It seems I’m not doing really well at this “weekly update” routine. Sometimes the story drives me so, I feel I have to take the time to step back and assess. Well, a significant event in the story has left me feeling a bit spent, and definitely needing a momentary break.
It seems that beating up your imaginary friends can sometimes take a bit of a toll on you. There may be minor spoilers in this entry, though I will do my best not to give away the big reveals.
The looming battle between the Brigadier’s residents and the non-naturals heading their way finally came to a head in the draft. Captain Annie spends a lot of effort and time distracting herself from it as the moment of their slow-down approaches. One of the ways she does that is by picking on subordinates, not always in unkind ways. Ensign Flalalay, her “assistant,” as some say, “first mate” to those on the bridge, has one hell of a day leading up to their retro-burn initialization. Feral Vampire Elimination Team (FVET) Commander Ravensworn and the captain go a round over the mouthy son of an admiral that is currently enrolled in FVET training aboard the Brigadier in the lead-up to the big day. Lots of threads circle around each other before it begins.
The angels helping our crew are also going through their own little spats and feuds. Sibling rivalry has never been quite so fun. When they start picking on each other, they know how to get under each other’s skin.
I finally let a tiny little bit of Lucifer’s overarching plan start to come to the forefront. While not going too deep into it yet, there will be hints of his larger goal during book three. While he hasn’t lied to anyone about what he wants to accomplish, as angels are incapable of lying, even the supposed ‘Lord of Lies,’ he’s never really been up-front with everyone else. And even in his attempt to contact his father for a final chance at reconciliation, he manages to do something the rest of his brothers and sisters see as a horrible affront.
Right before retro-init (as the crew refers to it), Commander Stephens is visited by a non-natural entity that is not at all what he’s been led to expect from the non-natural. Friendly, outgoing, and extremely quirky, being in her presence lends him a sense of calm and belonging rather than a sense of dread and sadness as he’s been led to expect. And this entity gives him two gifts that are beyond his comprehension in that moment, both of which he is massively grateful for. Though one of those gifts ultimately leads to a situation he’s not at all prepared for.

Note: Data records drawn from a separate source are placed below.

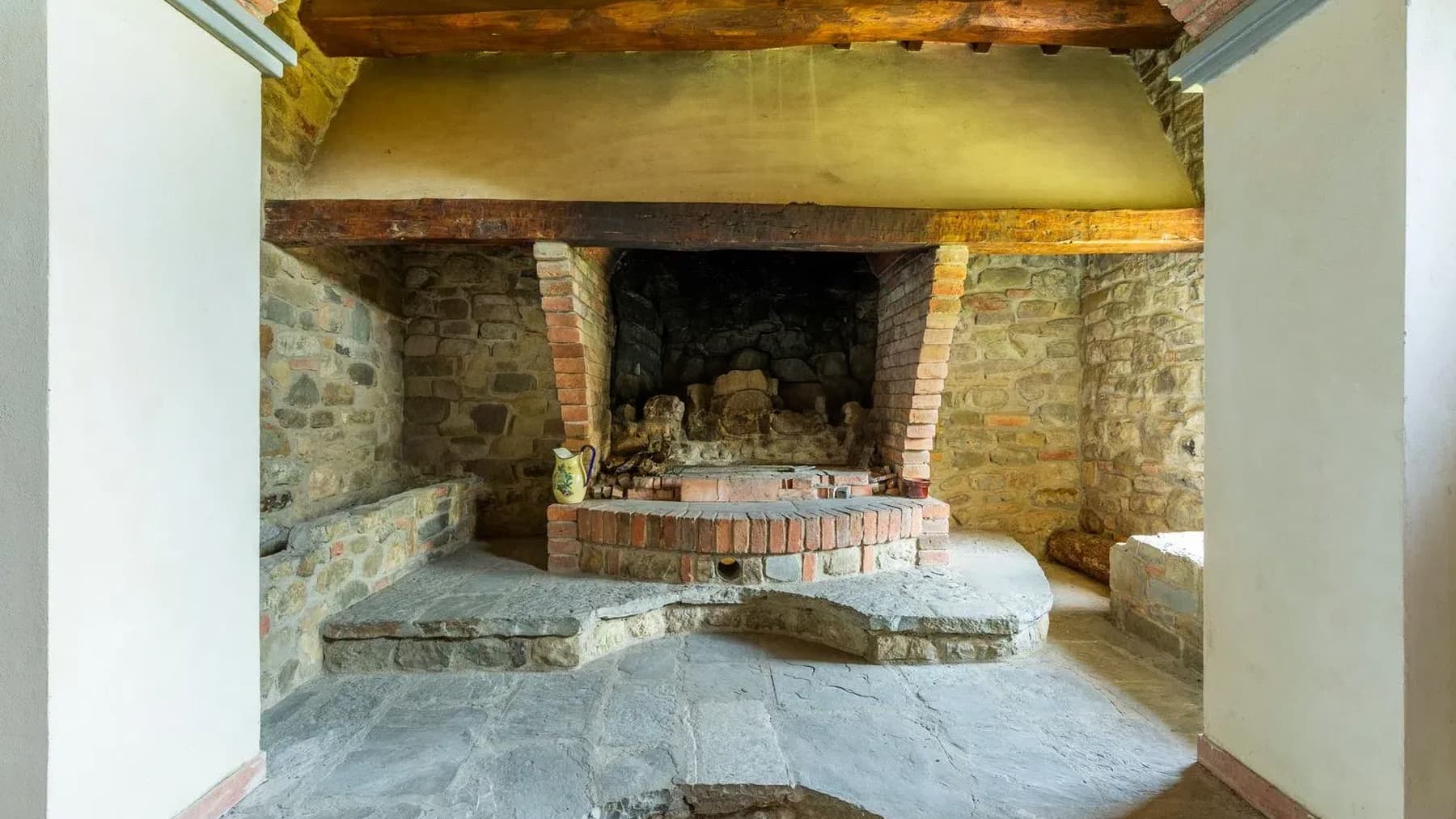Charming Country House in Reggello, Tuscany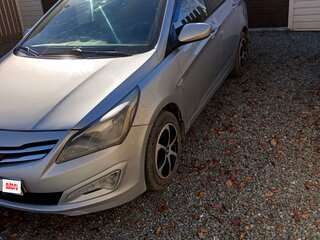 2016 Hyundai Solaris I Рестайлинг, серебристый, 800000 рублей, вид 1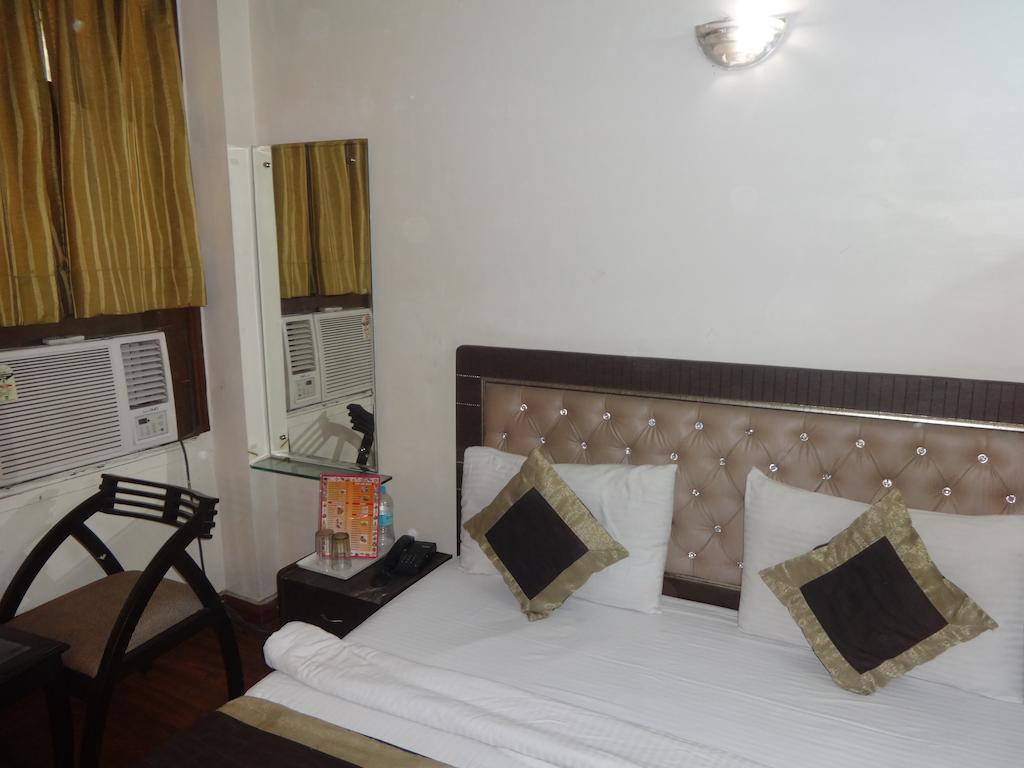 Alaska 2* Delhi (National Capital Territory of India)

When I initially drafted the battle, I felt like I went through it with them. There are a lot of moving pieces, and some time-shenanigans to handle, which were difficult to track, and I’m still not a hundred percent certain I have it perfect, but the more challenging part was having to exact a toll on the characters. You spend this kind of time with characters, and you start to feel like they’re real. Or at least real enough that you hate to hurt them. But without pain, there is no story. Without something to overcome, it’d be a pretty dull read.
I then spent a couple of days drafting post-battle scenes where the fallout of what they’ve accomplished begins to rear its ugly head. It’s a lot to keep track of, and there’s a fair chance that as I edit and revise, most of this may end up in a fourth book rather than the third.
I’m beginning to doubt I’ll have a third book ready by February, as I initially planned. In some ways, I’m not happy with what I put out as book two. I’ve gone through it a bit and seen several spot errors that I either thought I had fixed and didn’t or didn’t even realize were errors. I don’t want to do the same thing with book three, so it’ll be ready when it’s ready.
And I’m still having brainstorms for Bombast Icilise and beyond.
Which brings me to my “take a break from the characters for a bit” project. It still revolves around the books on a certain level. I’ve wanted something to track scenes, characters, places, and things in a fairly specific way. As a programmer/developer by trade, I tend to look at available software for such things and wonder why they have to be so generic. Nothing really fit what I was trying to accomplish: a quick reference with links between characters, places, things, etc. Something I can refer to when I need to remind myself of the little details that are so easy to lose track of when things get past the thousand-page mark, but without having to reread entire books or drafts just to find that one little thing I need to lookup.
So, I created a draft database to drive the web front-end I envision. Once I have the front-end started, it’ll be interesting to see if it ends up being something useful for other purposes. I’m not doing anything that’s “my stuff” specific. Years of my job has taught me you can never trust the project you’re doing today will only be used for what you want it used for. There’s always another purpose.
My hope is, someday, I’ll have this reference sitting out there for anybody to click through if they’d like. A handy reference for any of the various subjects we explore through the books, as well as a good way for me to keep track of my own ramblings.